Urteil vom 3. Dezember 2004
III. Kammer

Präsidentin Leuzinger, Bundesrichter Rüedi und Lustenberger;
Gerichtsschreiberin Keel Baumann

Personalvorsorgestiftung der Y.________ AG, General Guisan-Quai 26, 8022
Zürich, Beschwerdeführerin, vertreten durch Rechtsanwalt Peter Frick,
Florastrasse 44, 8008 Zürich,

gegen

S.________, 1945, Beschwerdegegnerin, vertreten durch Rechtsanwältin Agathe
M. Wirz-Julen, Brantschenhaus 18, 3920 Zermatt

Sozialversicherungsgericht des Kantons Zürich, Winterthur

(Entscheid vom 23. Februar 2004)

Sachverhalt:

A.
Die 1945 geborene S.________ arbeitete seit 1. November 1967 bei der Firma
X.________ und war ab 1. Januar 1970 bei der Vorsorgeeinrichtung 1 der
Z.________ vorsorgeversichert. Per 1. Oktober 2001 übertrug die Firma
X.________ den Betrieb auf die Y.________ AG, welche sich einstweilen der
Vorsorgeeinrichtung der Z.________ anschloss. Mit Wirkung per 1. Januar 2002
traten die Statuten der neu gegründeten Personalvorsorgestiftung der
Y.________ AG, bei welcher S.________ seither versichert war, in Kraft.

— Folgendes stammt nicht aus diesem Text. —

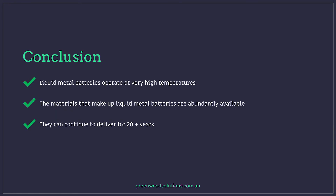In conclusion: liquid metal batteries operate at very high temperatures, the materials that make them up are abundantly available and cheap, and they can continue to deliver for 20-plus years. Thanks so much for watching our presentation on liquid metal batteries. I'm Verley from Greenwood Solutions. If you have any questions, inquiries, or suggestions for other movies that involve liquid metal, please drop us a line. And if you like what you see, hit that subscription button.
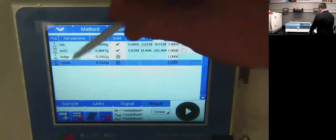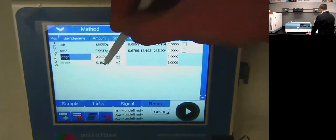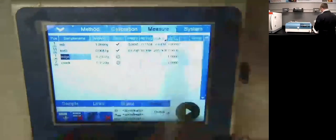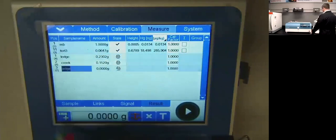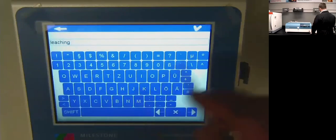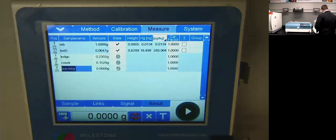I've already preloaded my first two samples. This is the ledge sample — number three on the diagram — weighed out at 230 milligrams. I did the creek at 152 milligrams, and now I'm going to add my septic leaching field soil. To add a sample, I hit this plus button and double-click. I'll call it 'leaching.' You can see the DMA is integrated with the scale. I'll place a quartz sample boat onto the scale, tear it out, and weigh about 100 milligrams of my sample.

Am 26. September 2001 hatte S.________ der Firma X.________ unter Hinweis auf
die einjährige reglementarische Ankündigungsfrist mitgeteilt, dass sie am 1.
Oktober 2002 in den frühzeitigen Ruhestand treten werde. Entsprechend einer
am 4. Oktober 2001 mit der Y.________ AG als neuer Arbeitgeberin getroffenen
Vereinbarung bezog sie im Oktober 2001 ihre restlichen Ferientage und in der
Zeit vom 1. November 2001 bis 30. September 2002 unbezahlten Urlaub, wobei
die Versicherung bei der Vorsorgeeinrichtung weitergeführt wurde.

Am 27. September 2002 stellte die Arbeitgeberin S.________ den
Versicherungsausweis der Personalvorsorgestiftung der Y.________ AG per 1.
Oktober 2002 zu, in welchem die jährliche Altersrente ab diesem Datum mit Fr.
31'644.- beziffert wird, welcher Betrag S.________ in der Folge ausgerichtet
wurde. Daran hielt die Personalvorsorgestiftung auch fest, als S.________ die
Ausrichtung einer höheren Rente beantragte unter Hinweis auf eine von der
Vorsorgeeinrichtung 1 der Z.________ am 13. Oktober 2000 erstellte
Rentenberechnung, gemäss welcher bei einer Pensionierung per 1. Oktober 2002
eine jährliche Rente von Fr. 44'679.- geschuldet ist.

B.
Am 27. Februar 2003 erhob S.________ Klage mit dem Antrag, es sei die
Beklagte zu verpflichten, ihr ab 1. Oktober 2002 eine jährliche Altersrente
von Fr. 44'752.- zu bezahlen, zuzüglich Zins zu 5 % seit Klageeinleitung und
unter Verrechnung der bereits ausgerichteten Rentenzahlungen. Mit Entscheid
vom 23. Februar 2004 hiess das Sozialversicherungsgericht des Kantons Zürich
die Klage teilweise gut und verpflichtete die Beklagte, der Klägerin mit
Wirkung ab 1. Oktober 2002 eine Altersrente in der Höhe von Fr. 43'901.-
jährlich, abzüglich der bereits geleisteten Rentenzahlungen auszurichten,
zuzüglich Verzugszins von 5 % für die von Oktober 2002 bis Februar 2003 noch
geschuldeten Rentenbetreffnisse ab 27. Februar 2003, für die restlichen ab
dem jeweiligen Fälligkeitsdatum.

C.
Die Personalvorsorgestiftung der Y.________ AG erhebt
Verwaltungsgerichtsbeschwerde mit dem Antrag auf Aufhebung des kantonalen
Entscheides und Abweisung der Klage.

S. ________ lässt Abweisung der Verwaltungsgerichtsbeschwerde beantragen. Das
Bundesamt für Sozialversicherung verzichtet auf eine Stellungnahme.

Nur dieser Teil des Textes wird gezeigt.